Laboucan-Massimo is Loubicon Cree from Little Buffalo, in northern Alberta. Though she had already been working on climate change issues and preventing oil extraction, she was motivated to focus on climate solutions when Little Buffalo suffered one of the largest oil spills in Alberta history in 2011.

“It came from a place of, honestly, despair and sadness and trauma,” Laboucan-Massimo said in an interview with the Martlet. “Seeing my family being poisoned, our eyes burning, all the things that you would think of when an oil spill happens so close to where your home is.”

She realized her family would continue living with the devastating effects of extractive industries and the climate crisis, and decided to focus on solutions.

“I felt like I needed to start building inspiration, hope, and also just moving the needle towards a just transition that people can take hope and inspiration from and put the matters back into their own hands,” she said.

Laboucan-Massimo’s focus on solutions took off. As part of her master’s research, Laboucan-Massimo led a project that built solar panels in her home community of Little Buffalo. The project involved training young people in the community to learn about and build the solar panels. 

In 2015, she founded Sacred Earth Solar, which helps install solar panels in Indigenous communities for energy sovereignty and resistance efforts, and co-founded Indigenous Climate Action, which aims to decolonize climate policy and provide communities with resources. 

She also filmed Power to the People, a documentary television show that showcases Indigenous communities working to develop climate solutions and resilience. In her talk, Laboucan-Massimo showed a clip of an episode of the show filmed at Kanaka Bar, near Lytton, B.C. The community has built solar panels and worked to monitor changes in creek water levels. 

“Shooting Power to the People was such a breath of fresh air … being able to see and meet so many other Indigenous leaders that were doing solutions-based work for the community,” she said. 

Though she believes solar is a useful tool while we transition our ways of life, Laboucan-Massimo doesn’t think that technology is the solution to the climate crisis. Net-zero technologies, such as  carbon capture and removal from the atmosphere, haven’t been proven, she says. 

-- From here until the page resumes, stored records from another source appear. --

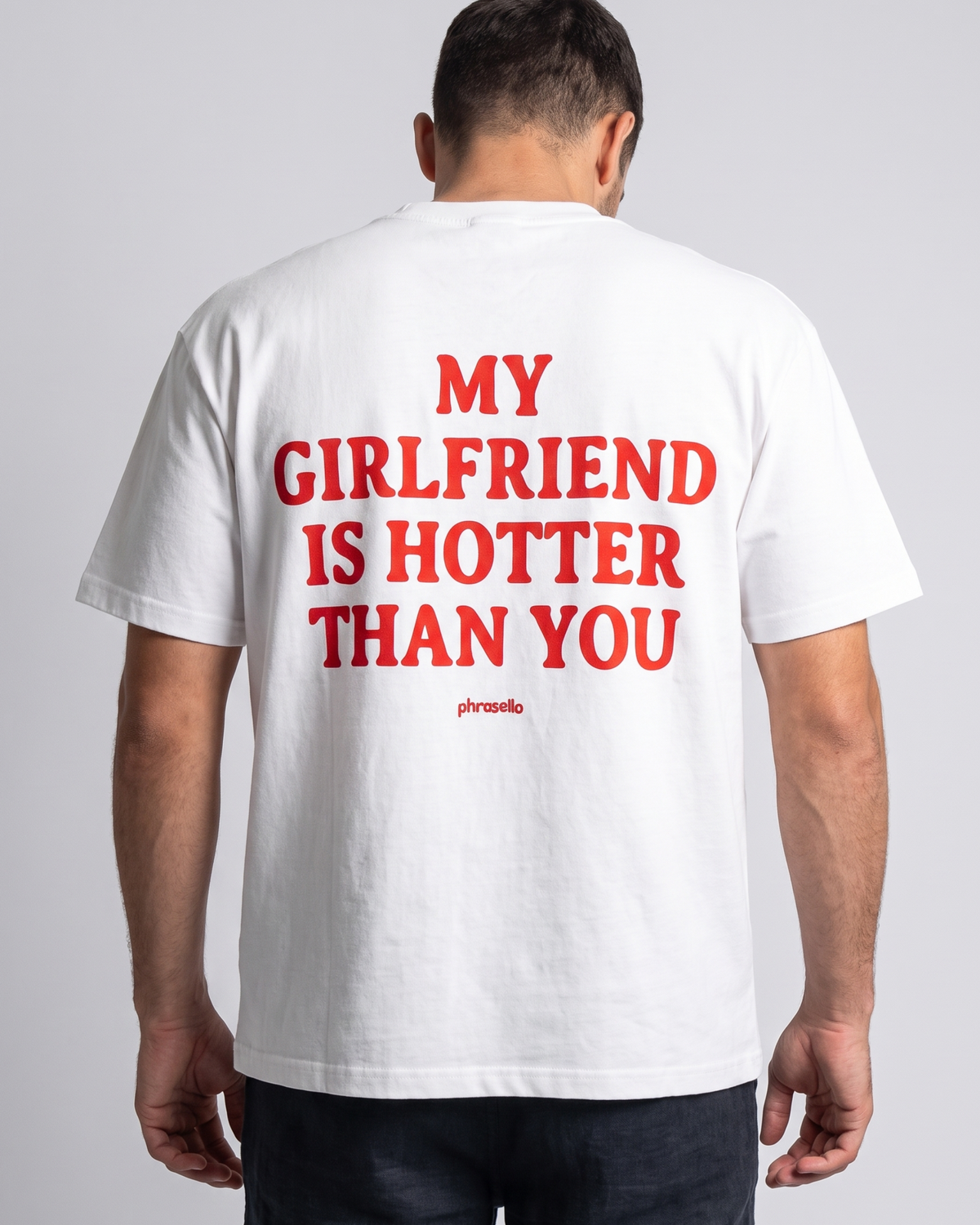 My Girlfriend Is Hotter Than You Tee Shirt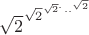 $\sqrt{2}^\sqrt{2}^\sqrt{2}^...^\sqrt{2}$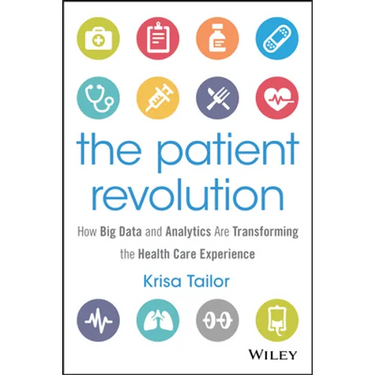 The Patient Revolution: How Big Data and Analytics Are Transforming the Health Care Experience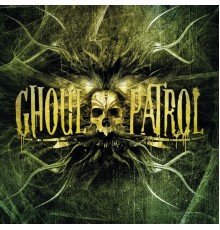 Ghoul Patrol - Ghoul Patrol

Indigenous perspectives on climate resilience, says Laboucan-Massimo, take a much longer view than that of current decision-makers. Many communities look at the next 500 years, not the next four like a politician running for re-election.

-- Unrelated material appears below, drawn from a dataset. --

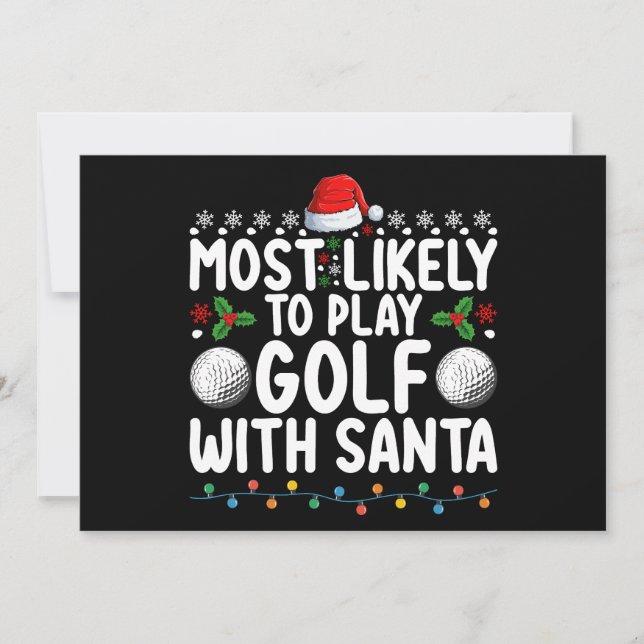 Most Likely To Play Golf With Santa Christmas Holi Invitation (Front)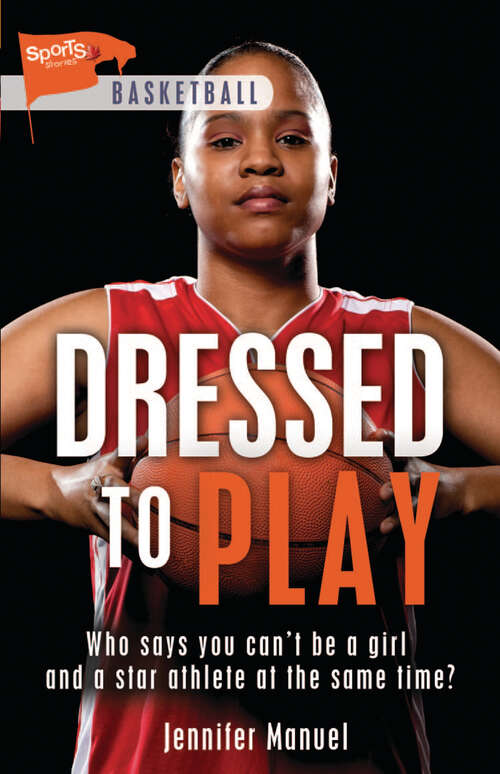 Book cover of Dressed to Play (Lorimer Sports Stories)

“We need a critical paradigm shift with how humans and species are interacting with Mother Earth,” she said. “Indigenous peoples have always had an intimate and reciprocal relationship with Mother Earth … many Indigenous peoples that I’ve talked to around the world see that all life is sacred.”

In her talk, Laboucan-Massimo spoke about how institutions should include Indigenous knowledge-holders in expert groups and should adjust the timeframe of consultation to accommodate Indigenous people and Elders. She also says universities should support Indigenous resistance efforts against extractivism, like the one taking place on Wet’suwet’en territory currently.

If Laboucan-Massimo were in charge of UVic’s climate planning, she says she’d centre Indigenous communities throughout the entire process. 

“Not that it’s just knowledge to integrate, but it’s also integrating the people and the communities that this knowledge comes from, so that there’s not a co-optation or an extraction of the knowledge,” she said.